Stripped Covers: If you're going to collect matchcovers
(no matches), which is the way the vast majority of collectors
go, care is pretty easy and practical.
Ultimately, the covers
normally go into 3-ring binders with plastic pages (see supplies), but if they need to be temporarily stacked, use
paper wrappers rather than rubber bands. The latter cut into
the top and bottom covers and will eventually bond with the cover
surface over time.
- Once the matches have
been removed, with no damage to the cover, the covers have to
be flattened. Any substantial weight on them for several days
will do the trick. I've put a stack of 50 between two small,
flat pieces of wood and left it in a vise. A few days later,
Wherever they go, keep
them away from water and high humidity
- If the covers aren't going
into albums, some collectors house them in trays, which will
hold them on their sides, are space efficient, and maintain their
flatness. They tend to get banged up if they're simply loose
- - Don't keep them on floors
(possibility of flood damage)
- - Don't keep them in garages,
basements, etc. where there would be high humidity (i.e. storing
them in a garage in North Carolina is probably not a good idea!)

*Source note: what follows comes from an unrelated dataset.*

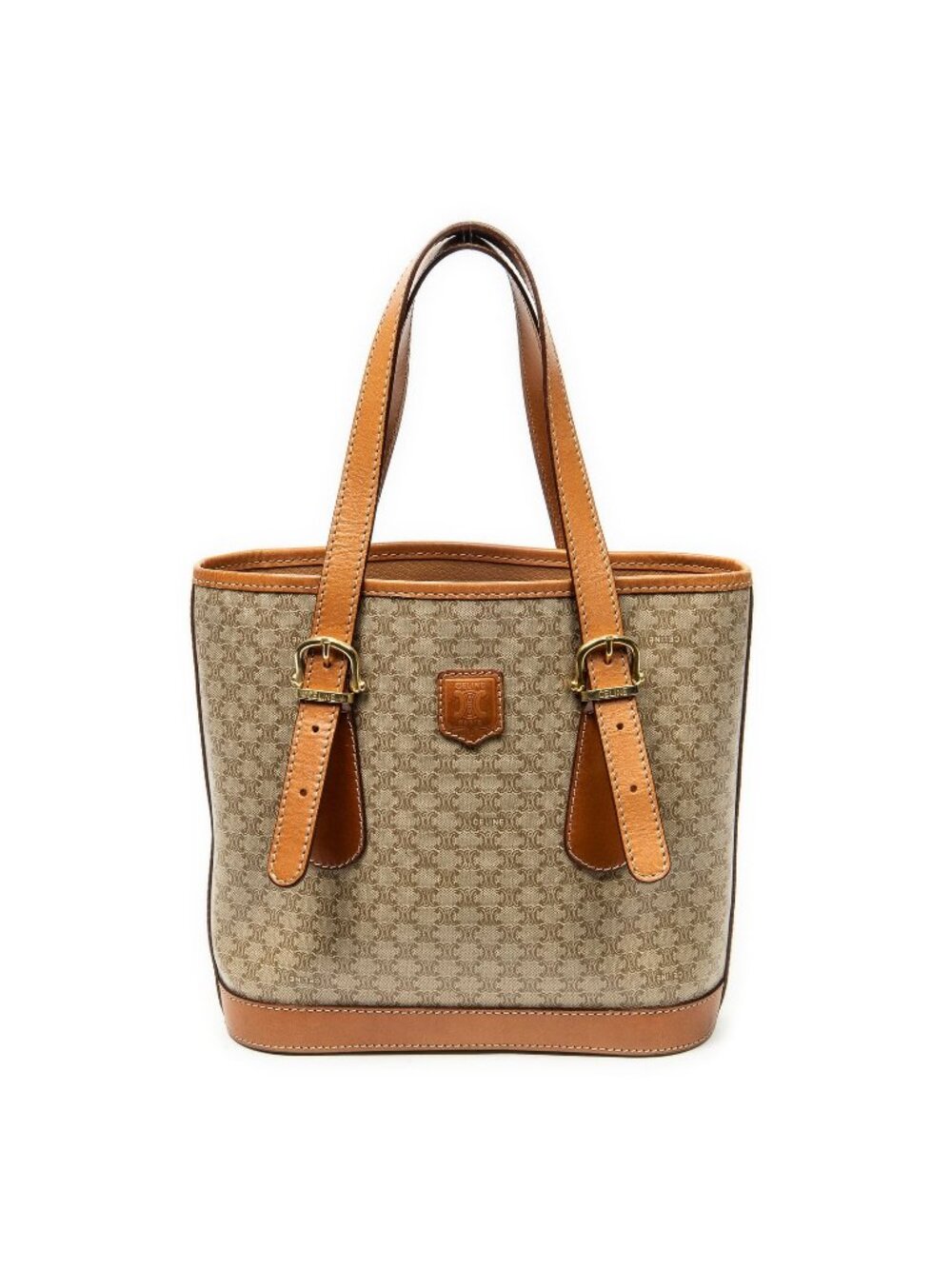 Celine Vintage Small Open Tote Beige Tan Macadam Canvas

(Humidity causes mold and often causes the striker material to
deteriorate...taking the top of the cover with it!)
- - Never keep covers in
direct sunlight or unusually strong light for extended period
of time. The colors will fade.
- Matchbooks: If you're going to keep the matchbooks
intact (matches remain inside), all of the above cautions apply,
plus you now have the very big worry about fire...which
is why most collectors don't collect full-books (not to mention
the hugely increased storage space problem, bulkiness, and the
dearth of other collectors to trade with. But, if you insist...
It's pretty tough to mount
full-books in albums (too bulky). You can put full-books
into the plastic page sleeves, but, aside from the bulkiness,
you'd have to worry about crushing.
- Match + friction = fire!
So...fullbooks need to be stored so that they are not loose,
and there is no room for movement or matches rubbing against
each other...or anything else. Packed trays are good here.
I wouldn't mention this
to your home insurance agent, either!
- Obviously, keep away from
children and pets.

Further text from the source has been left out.